Q statistics are used to measure study homogeneity in a meta-analysis. There are two main ways to think about a set of studies you’re meta-analyzing:
1 is a fixed effect approach, and 2 is a random effects approach (the same kind of random effect we use when fitting mixed effect models #lmerForLyfe). The Q statistic is used to try to partition the variability we see between studies into variability that is due to random variation, and variability that is due to potential differences between the studies. This is really similar to the way we partition variance when doing an ANOVA. In fact, you’ll see Sums of Squares pop up again.
Once we’ve calculated it, we can use Q to test the hypothesis that the studies in a meta-analysis are estimating the same effect size, or different effect sizes.
Q is a weighted Sum of Squared deviations. First we take effect size from each of k studies and subtract the mean (meta-analytic) effect size. We then square each of these deviations. So far this looks exactly like a regular Sums of Squares formula:
\[\sum_{i=1}^k (Y_i - M)^2\]
We then weight the squared deviation by the inverse of its variance. This is just a fancy way of saying we divide by the variance from each study.
\[Q= \sum_{i=1}^k \frac{1}{V_i}(Y_i - M)^2\]
We can test whether the difference we see between studies is reasonable under the assumption that they’re all estimating the exact same effect size.
\(H_0\) is that the studies are estimating the same effect size, \(H_A\) is that the studies are estimating different effect sizes.
Under \(H_0\) we expect that the only variation we’re observing is from random variation. Since we divided each deviation by the variance for its study, the expected Q for our group of studies is the degrees of freedom, k-1, but of course we don’t expect Q to be exactly df, there will be some random variation (it’s everywhere, isn’t it?).
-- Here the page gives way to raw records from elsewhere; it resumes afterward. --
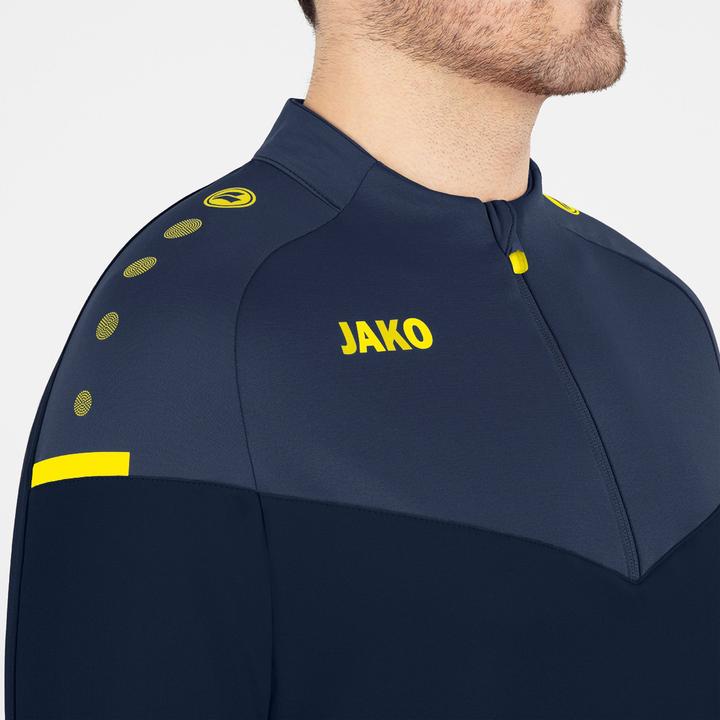 Produktbild JAKO ZIPTOP CHAMP 2.0 (S)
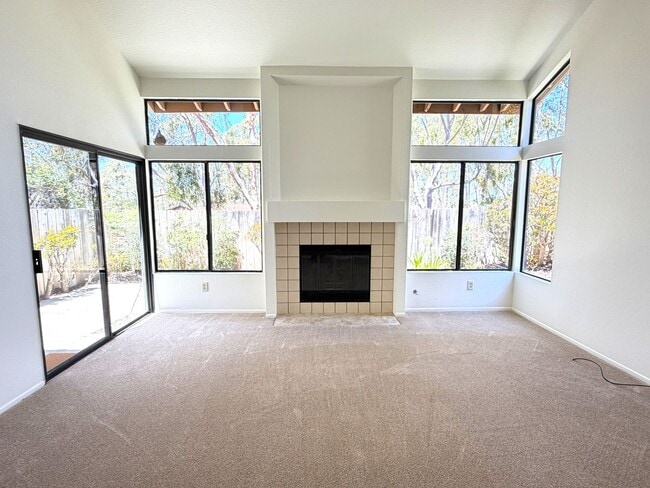 Photo - 2060 Coolngreen Ln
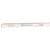 QS-012 Viqua Replacement Quartz Sleeve for S740RL-4C UV Lamp - DiscountFilterStore.com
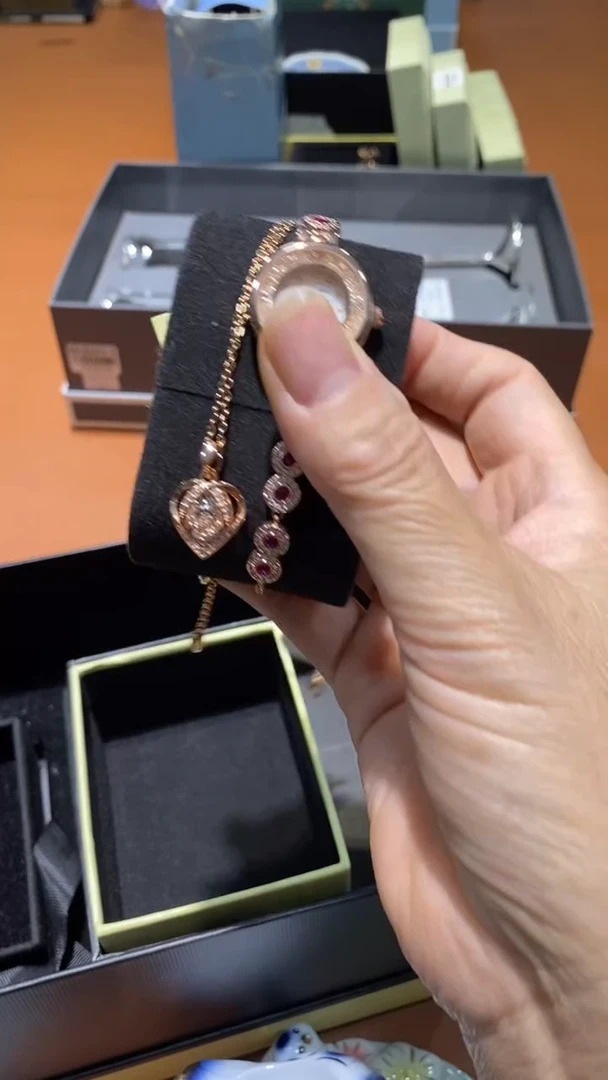 瓷片全场正品,一件不留@@1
If Q is extreme compared to what we’d expect from a world where the true Q is df, we reject the null that the studies are estimating the same effect size (i.e. that they’re homogenous).
Q is a way of comparing the variability between the effect sizes of studies with the amount of variation we expect studies to have when they estimate the same effect. If Q is a lot larger than what we expect under the null, we conclude it’s likely the studies in the meta-analysis are not estimating the exact same effect size.